Babar Khan Javed
Feb 15, 2018

Criteo APAC revenue grew 23%

The adtech firm's prudential line of thinking secured business results that crushed analyst expectations.

Representing 20% of global revenue, revenue in the APAC region grew by 23% in Q4 2017.
Representing 20% of global revenue, revenue in the APAC region grew by 23% in Q4 2017.

Adtech vendor Criteo has bounced back and exceeded market expectations by revealing significant growth in its latest earnings report.

In the APAC region, which makes up 20% of Criteo's business, quarterly revenue grew by 23% to US$55 million while the region grew by 29% to US$211 million in the fiscal year, despite refocusing in China during mid-2017 to be more export-focused. The company's share price rose by 30% within 24 hours of the report's release.

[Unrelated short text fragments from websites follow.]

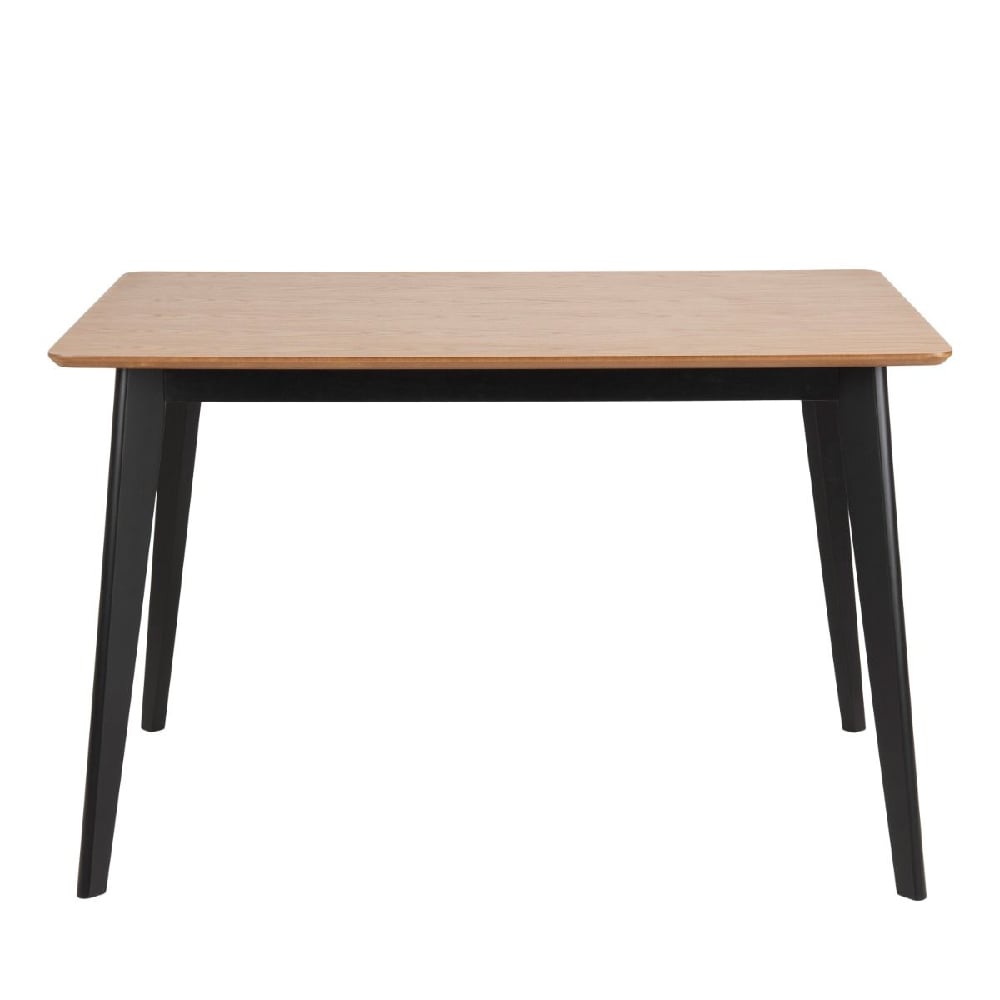 Riga Wooden Dining Table Rectangular In Black And Oak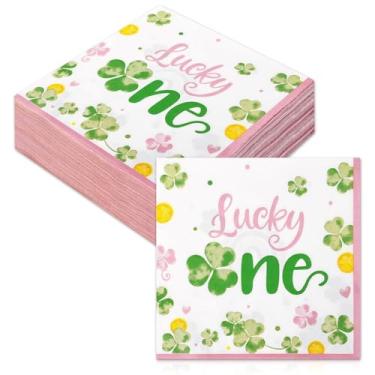 Imagem de Lucky One Guardanapos Conjunto de 50 Decorações de Aniversário Trevo Março Menina Primeiro Aniversário Guardanapos de Papel Trevo Sobremesa Jantar Banheiro Decoração de Mesa para Eventos Irlandeses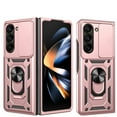 thumbnail image 1 of for Samsung Galaxy Z Fold 7 5G Case, with Ring Kickstand and Screen Protector, Heavy Duty Protection Shockproof Rubber PC Phone Back Cover for Samsung Galaxy Z Fold 7 with Sliding Cover, Rosegold, 1 of 10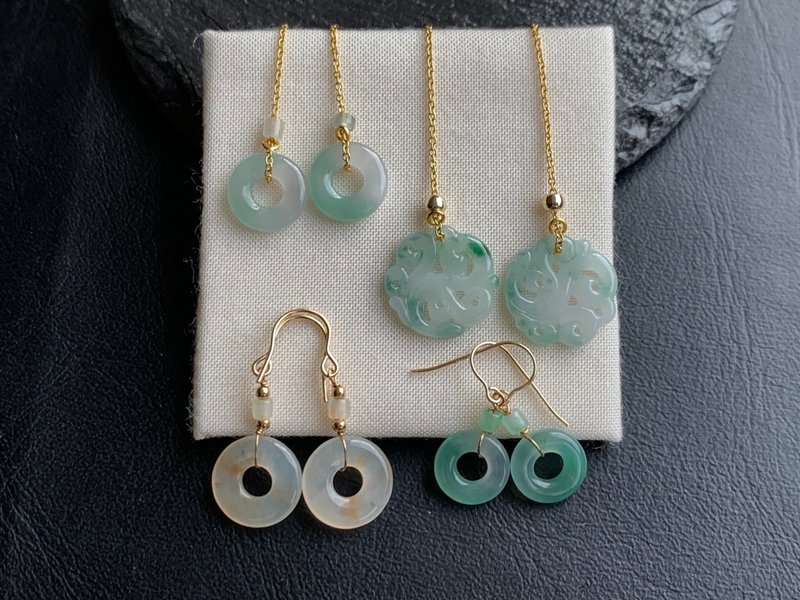 天然緬甸玉翡翠耳環 美國14K包金耳線 14KGF 平安扣甜甜圈 - 耳環/耳夾/耳骨夾 - 玉石 多色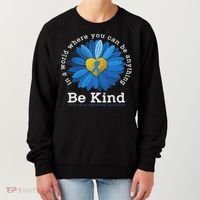 Be Kind Blue Sunflower Child Abuse Prevention Awareness Women's Sweatshirt thumb 0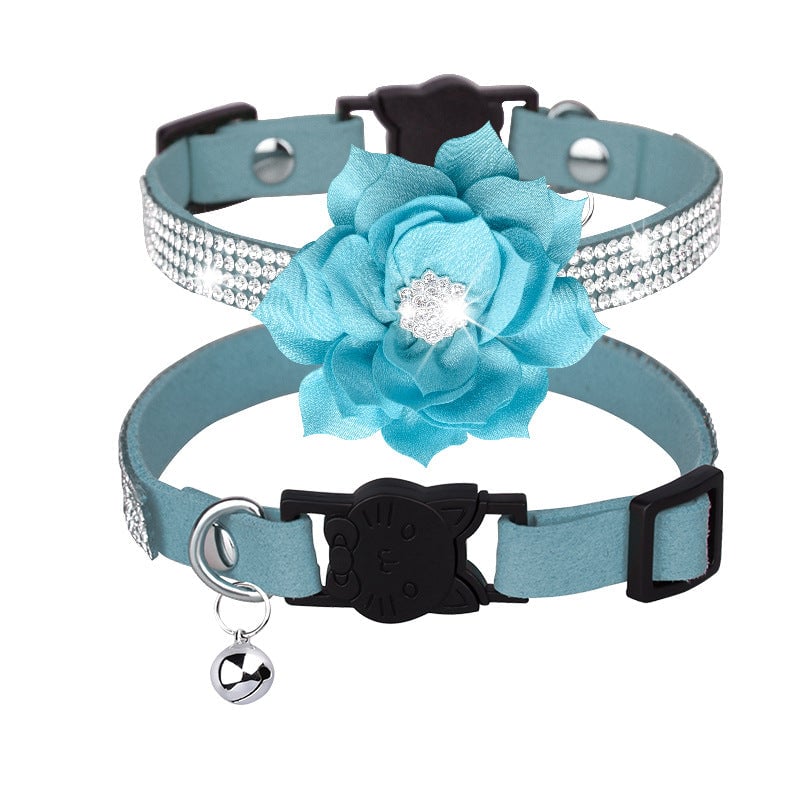 Rhinestone Flower Bell Pet Collar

Excluding traffic acquisition costs (TAC), the company expects to reach between US$230 million to US$235 million in the first quarter of 2018, with up to US$47 million coming from APAC.

According to Yvonne Chang, Criteo APAC executive MD, the company's strong growth was due to small and medium enterprises & advertiser, as well as the fast growth in Japan.

"Southeast Asia and India also supported the growth, as well as strong in-app revenues across the entire region due to an exponential increase in smartphone penetration," she said. "APAC is currently the world’s largest retail e-commerce market, we are confident in potential opportunities in the region.”

It paints a far more positive picture than Criteo's Q3 2017 report, where within hours of publishing the firm's shares tumbled by 26% after it revealed an expected US$20 million loss from Apple's Intelligent Tracking Prevention (ITP) update in Safari.

As an adtech firm that specialises in retargeting ads at prospective shoppers, Criteo's effectiveness following updates in Apple's iOS11 and the forthcoming implementation of the GDPR in Europe had led analysts to speculate the business was in for a tough 2018.

Addressing those concerns, Criteo undertook drastic technology improvements such as the Shopper Graph, which includes tools such as Identify Graph, Interest Map, and Measurement Network.

With over a billion users worldwide, the Identify Graph boasts non-identifiable information that can match a single individual across respective devices.

Criteo also increased its publisher network from 1,000 to 1,500. Excluding TAC, the newly launched Audience Match tool contributed US$3 million in revenue.

Q2 2018 Outlook

As a business positioned around retargeting, Criteo relies on cookies to track prospective shoppers.

With Apple's ITP in effect since September 2017 and the GDPR being implemented from May this year, adtech businesses have actively sought a workaround to keep relevant revenue sources stable.

A Criteo spokesperson in Singapore told Campaign Asia-Pacific that both ITP and GDPR are areas are of little concern, stating that the bottleneck represented by the former represents a fraction of Criteo's reach, while the latter applies only to businesses that obtain sensitive and personal data from users, adding that Criteo's data is anonymised.